Why Australia mistrusts China’s Huawei
Canberra banned the Chinese telecoms giant from tendering for a national broadband network in 2012 and more restrictions may be on the way
The chairman of Chinese telecoms giant Huawei’s Australian business, John Lord, says his company is the “most audited, inspected, reviewed and critiqued” information and communications technology (ICT) player in the world.
But that may not be enough to stop the private company from being banned again in Australia.
Lord fronted the National Press Club in Canberra earlier this week to defend Huawei’s reputation amid reports that Australia’s government – which banned the company from tendering for a national broadband network in 2012 – is about to do the same for a 5G telecom infrastructure rollout.
“We are proud of our transparency and our track record of demonstrating and making available to customers everything we do,” said Lord, a former admiral in the Royal Australian Navy.
“We are proud that after every kind of inspection, audit, review, nothing sinister has been found. No wrongdoing, no criminal action, or intent, no ‘back door,’ no planted vulnerability and no ‘magical kill switch’.”
Lord was on the offensive this week, but it was clear that not everyone believed him. Indeed, Huawei could be a significant corporate casualty in the fast-evolving diplomatic and security chill in relations between China and Australia.
National security threat
No decision has been made in Canberra on the 5G network, but market whisperings are strong that Huawei is still considered by the government as a national security threat that cannot be trusted to build sensitive telecom infrastructure.
This is despite the fact that the company has had success, without any controversy, in building a national broadband network in New Zealand, and is partnering on 5G with Singapore telecom carrier MI, including on virtual reality applications.

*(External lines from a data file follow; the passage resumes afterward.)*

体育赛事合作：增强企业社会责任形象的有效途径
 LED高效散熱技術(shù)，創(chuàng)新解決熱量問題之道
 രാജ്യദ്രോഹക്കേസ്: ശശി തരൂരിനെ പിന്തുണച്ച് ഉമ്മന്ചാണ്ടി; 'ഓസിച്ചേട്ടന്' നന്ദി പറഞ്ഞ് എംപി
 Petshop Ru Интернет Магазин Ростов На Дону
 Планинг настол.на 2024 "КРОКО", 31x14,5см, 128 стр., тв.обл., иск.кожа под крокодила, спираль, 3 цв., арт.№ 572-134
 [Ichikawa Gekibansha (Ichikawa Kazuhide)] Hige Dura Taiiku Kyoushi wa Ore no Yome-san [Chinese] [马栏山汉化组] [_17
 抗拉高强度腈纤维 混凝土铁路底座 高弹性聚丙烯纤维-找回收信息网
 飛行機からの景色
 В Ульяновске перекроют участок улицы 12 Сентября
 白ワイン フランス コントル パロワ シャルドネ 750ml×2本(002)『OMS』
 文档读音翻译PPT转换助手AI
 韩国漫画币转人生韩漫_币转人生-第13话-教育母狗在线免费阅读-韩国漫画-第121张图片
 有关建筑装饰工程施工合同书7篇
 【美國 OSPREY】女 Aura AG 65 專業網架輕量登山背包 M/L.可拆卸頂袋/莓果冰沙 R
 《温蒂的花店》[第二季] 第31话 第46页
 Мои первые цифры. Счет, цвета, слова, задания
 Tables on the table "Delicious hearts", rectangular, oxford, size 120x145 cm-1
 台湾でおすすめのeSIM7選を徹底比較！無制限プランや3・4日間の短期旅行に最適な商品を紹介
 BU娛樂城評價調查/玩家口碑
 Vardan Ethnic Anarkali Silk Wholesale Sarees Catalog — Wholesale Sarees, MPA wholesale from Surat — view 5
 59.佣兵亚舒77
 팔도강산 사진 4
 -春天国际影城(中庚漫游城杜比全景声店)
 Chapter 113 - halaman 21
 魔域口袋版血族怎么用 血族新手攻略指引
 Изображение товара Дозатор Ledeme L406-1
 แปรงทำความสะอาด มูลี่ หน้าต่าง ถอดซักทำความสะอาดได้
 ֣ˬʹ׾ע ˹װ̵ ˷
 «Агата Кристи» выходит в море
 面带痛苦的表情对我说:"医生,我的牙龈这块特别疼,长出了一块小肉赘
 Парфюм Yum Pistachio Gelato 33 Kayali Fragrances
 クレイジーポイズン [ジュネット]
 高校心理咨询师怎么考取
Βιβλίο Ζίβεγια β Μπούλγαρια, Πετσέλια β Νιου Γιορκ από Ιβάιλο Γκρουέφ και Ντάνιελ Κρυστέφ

Australia is a member of the “Five Eyes” intelligence-sharing alliance with the US, Canada, the United Kingdom and New Zealand. It is reportedly basing its suspicion on the British experience, when Huawei was contracted by BT – formerly British Telecom – in 2005 to supply routers and access and transmission equipment for a US$17 billion network upgrade.
According to sources who claimed to have been briefed by British intelligence, core switches installed by Huawei in the upgrade were behaving suspiciously and were potentially letting data in and out to a third party. The extent of the alleged network vulnerabilities has never been publicly disclosed.
At the National Press Club, Lord addressed these reports by saying it was a “myth” that the UK government regrets Huawei’s presence in the country.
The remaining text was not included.